Category Archives: Greenwell, Garth

An Evening Out: Read on August 18, 2017

Oh my this was dull. Pointless, too. Also it seemed as if someone who didn’t know anything about a gay person was writing a stereotypical story about a gay person. And not only was this dull and pointless, but it seemed dishonest, too, like bad fan-fiction for an extra in an especially terrible episode of the dreadful series Sex and the City.

It’s been awhile since I’ve done my weekly New Yorker readings because I’ve been back in college working on my English degree (I mean, what ELSE would I be doing), but I also stopped because too many of the New Yorker stories are tepid and filled with overly self-conscious and self-absorbed idiots, like in this story. Nowhere is there any exploration of empathy for another human being, unless we’re supposed to feel something for our narrator here – which we don’t (even the dog just needs the narrator for a floor to sleep on). We even have to deal with the pretentious naming conventions here of N. and Z. By not giving them real names they are just turned into objects, which might be in keeping with how the narrator feels about them, but it does nothing for the reader. Why do we learn next to nothing about N. and Z.?
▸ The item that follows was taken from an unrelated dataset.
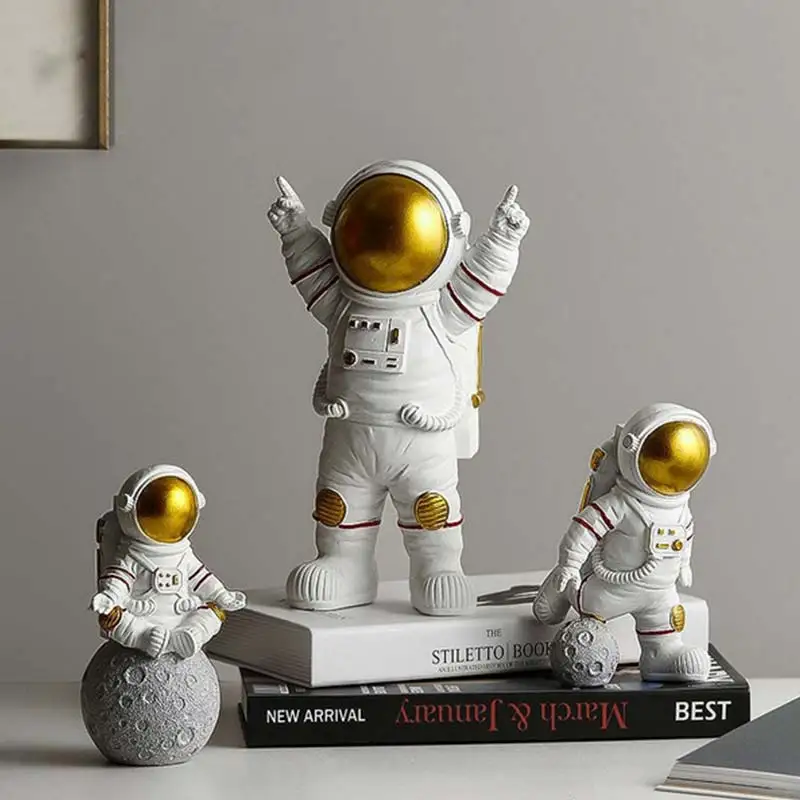 3pcs Astronaut action figure Set Home Decor cute astronaut Statue Sculpture Set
Give me a story about the disappointed mother who shows up twice, once as the mother, and again as the dog, though I highly doubt the author realized this and it’s a coincidence we have two mothers here. I’m so tired of self-absorbed idiots who have nothing useful tell us about anything except that they were turned on by someone’s uncircumcised dick in an overly bright and dirty club restroom. Who gives a shit? Are we supposed to be impressed that the characters are gay? I’m not. Gay people are human beings and I’m interested in human beings, not stereotypical cardboard cutouts pretending to be gay. How about some real emotion? How about a real, hard look into loss and desire, and passing up an opportunity for fleeting happiness instead of an alcohol fueled journey into Club Banality.

This story is all surface with an ocean of nothingness 1 millimeter below each word. I’d go as far as to say it’s total trash, but not the sort of trash that lingers because it stunk your house up and at least will stick in your memory, but the sort of trash you throw out having never even remembered what it was to begin with. That’s the worst kind because it means absolutely nothing to anybody.

99% done with An Evening Out

I like the image of this campus dog showing up to help him. “She was dirty, but what was a little dirt”. Is this a reference to his thoughts? His past?

The dog knows better how to get what it wants than the narrator does.

The narrator is stuck with a filthy dog that will leave a filthy pan print on his cheat – near his heart?

Good final scene, but over all quite dull.